Eclectic tales of humanity
Lisa Moore’s short stories spin a journey through the senses
Something for Everyone Short Stories by Lisa Moore House of Anansi Press $22.95 302 pages
There are 10 stories in Lisa Moore’s fourth collection of short fiction, ranging in length from 10 pages to a five-part near-novella. As the title implies, there is something for everyone — love, loss, visions, memory, age, youth, Marconi (in the only non-contemporary time period), Santa Claus (occupying his own time and space), buckets of salt beef, loaves of homemade bread. This catholic eclecticism is re-enforced by the swirling, phantasmagoric cover design, leaping fish and pin-up legs and car headlight beams.
Most reviews of Moore’s work note her sensuality, erotic threads spinning the most quotidian and domestic of scenes in a sultry web. Not that she writes primarily about sexual desire, although that is almost always a through-line, because it is so centrally human. The voluptuousness lies in her attention to sensation, the particularity of how something felt, what it evoked, and the way the very sounds are tactile.

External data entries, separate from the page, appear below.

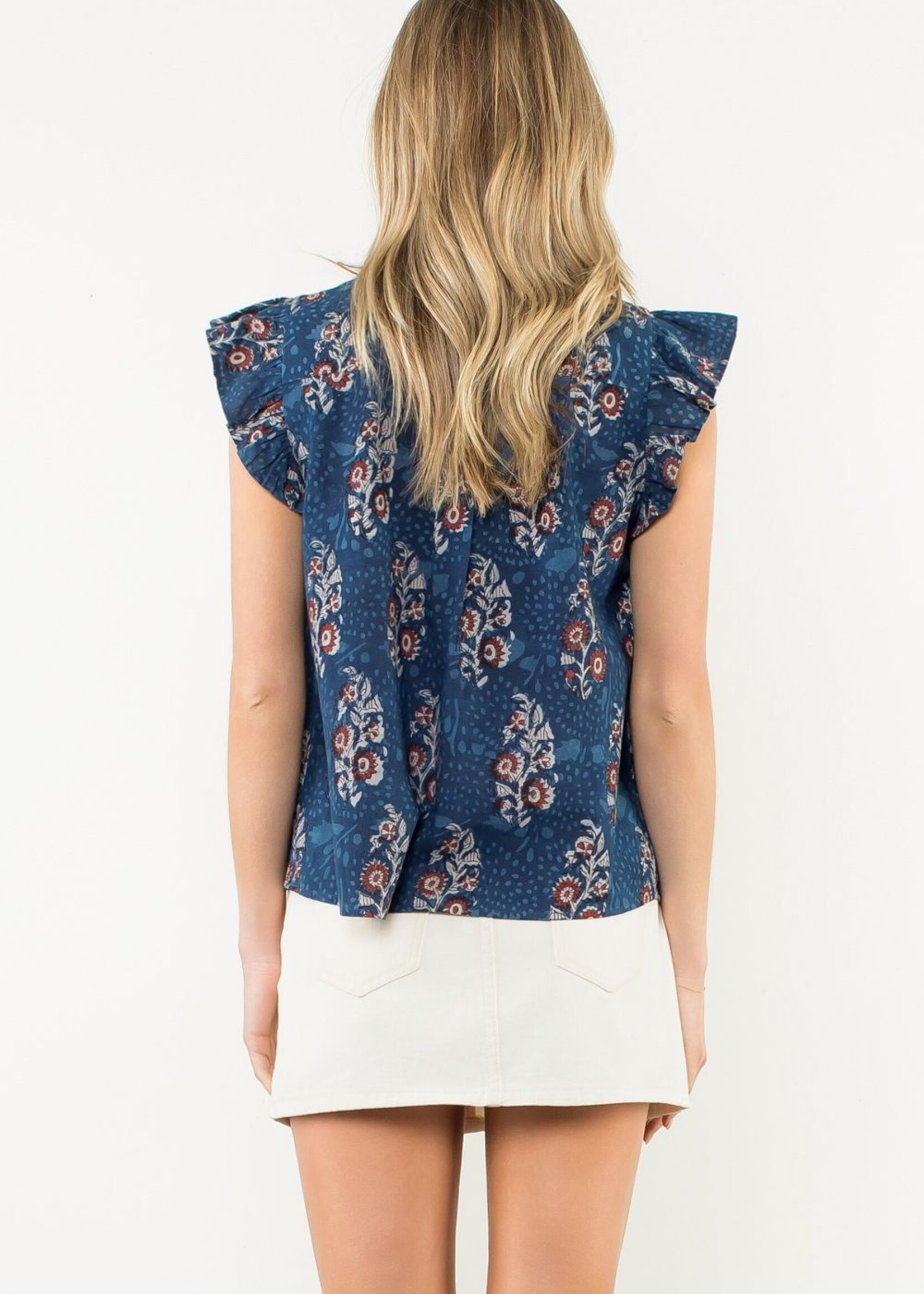 THML THML Floral VNeck Flutter Top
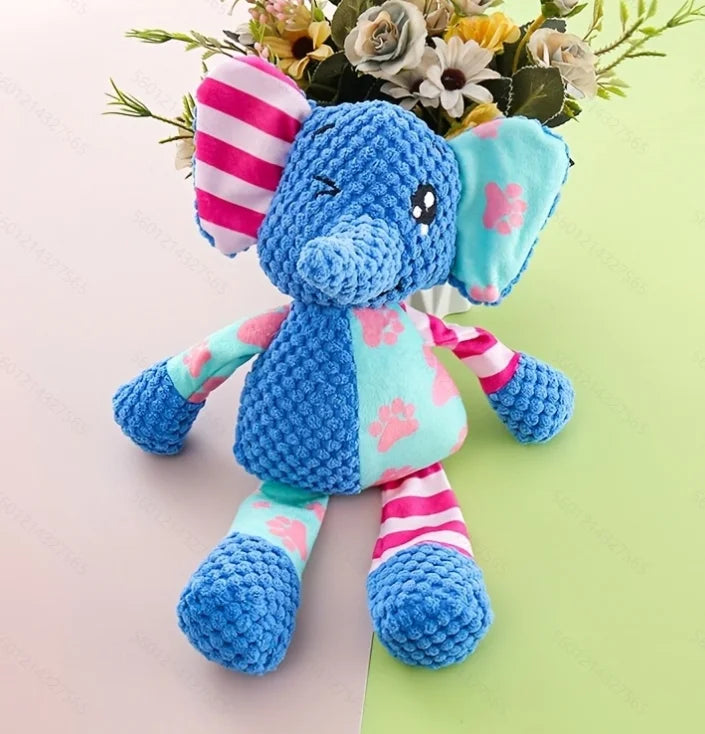 Interactive Squeaky Plush Dog Toy - Cute Knitted Puppy Chew Toy for Teeth Cleaning & Mental Stimulation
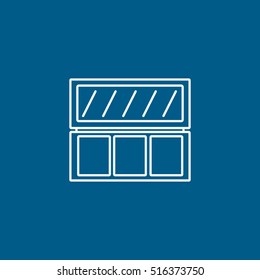 Eye Shadow With Mirror Line Icon On Blue Background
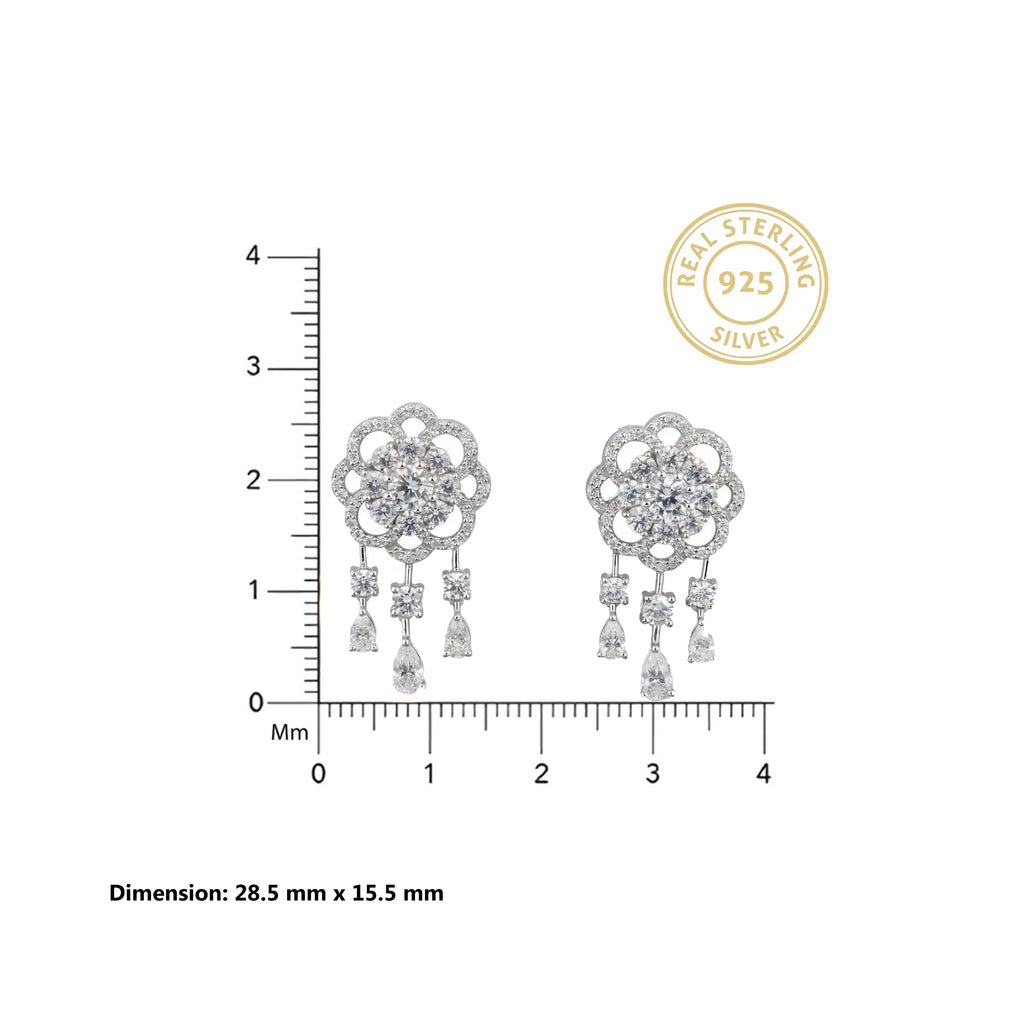 Silver Floral Cascade Earrings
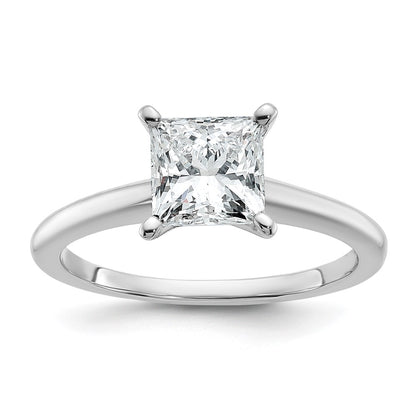 14k White Gold 1 1/2 carat Lab Grown Diamond VS/SI+ G+ Princess Complete Solitaire Engagement Ring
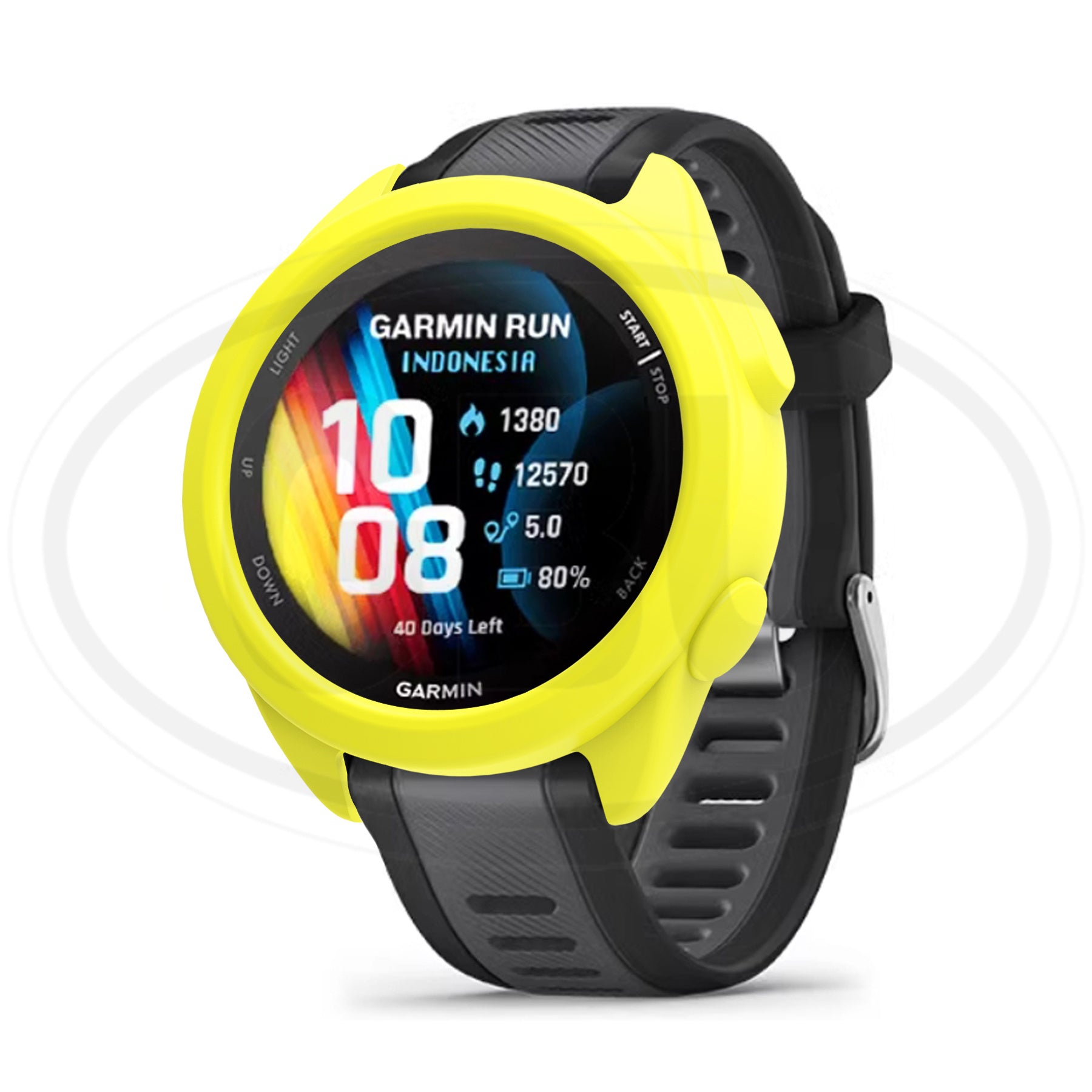 Garmin Forerunner 165 / Forerunner 165 Music Silicone and Full Cover Case with Tempered Glass Protector Screen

For example, this is how Marty remembers how his “grandmother used to press his shirts for him and return them in a neat stack with a sheaf of white tissue paper folded around each shirt. She made lemon roll dusted with icing sugar every Sunday and the smell of it when he walked in all through the house. She was professor emeritus of oceanography at Memorial University, specializing in the reproductive cycles of sea cucumbers” — an illustration of the tangible craftsman-like building blocks of Moore’s prose.
Marty is one of a trio of characters in “A Beautiful Flare,” set in a mall outlet of The Shoe Emporium. The others are Cathy, the manager, and Steve, formerly of the Fort Mac backand-forth of employment, who are head-to-head in a contest for top sales, the award being tickets to “Kinky Boots.” “Steve is serving two women at the same time, and tilts his chin up at a third woman. With the tilt of his shovel chin Steve is saying: I’m coming for you, girlfriend, hang tight, love of god. Cathy is stuck with a mother and three sugar-blitzed youngsters, the youngest of whom is headed for a full-on implosion because she wants shoes with blinking lights in the heel which are not one of the brands where you buy one get the second one half price.”
There are three separate scenarios unfolding, all beautifully paced and deftly realized. Consider the time Moore takes with one of the shoe store’s tools of trade: “The new heatsensing Brannock foot measurer came with the spring shipment and Steve was the first to embrace the technology. The old foot measurer has sliding parts that cup the ball of the foot and the top of the toes. The measurements are in the grooves that run down the side, like on the foot measurers of yore. The new Brannock introduces the first innovation to the original design since 1928, when the device was first invented; the metal has been fitted with a magic, footprintshaped inlay.”
This exact and visual writing is a Moore signature (as is her word precision: “transmogrify”; “noggin”). Here’s what a marriage is, in “Visitation”: “We are: Daily walks along Duckworth Street in the late afternoon together; occasionally, change for the homeless of downtown St. Johns, mostly kids with dogs, sleeping bags draped over their shoulders and cardboard signs that say they’re trying to get home; lattes from Fixed … We are the dog let loose in the Anglican Cathedral on the way back home, rippling through the chest-high snow at dusk … We are roast chicken dinners with chicken seasoning that we bang out of a tin can with the flat of our hands.”
Most reviews of (Lisa) Moore’s work note her sensuality, erotic threads spinning the most quotidian and domestic of scenes in a sultry web.
Aside from the historical and fantastic Marconi and Claus, most of Moore’s characters live in the here-and-now, often in downtown St. John’s, and struggle with the ordinary, which is not to say not engrossing, human distresses of loneliness, trying to make end meets, or simply finding decent apartments. The final work, “Skywalk,” is an interlinking series, or cycle, of encounter and episode. Chelsea, a MUN student from Grand Falls who is afraid to use the Skywalk because of recent reports of rapes, meets David, waiting outside Bitters to buy an iphone from some no-show dude named Clancy. Over the following pages their lives will entwine and disentangle, as Chelsea sell cosmetics and studies nursing and negotiates some notorious neighbourhoods and David parties in a field and loses his phone and also his watch they both worry about their mothers. Their journeys are full of events — and kindness. Moore’s characters are interested in each other. No islands here.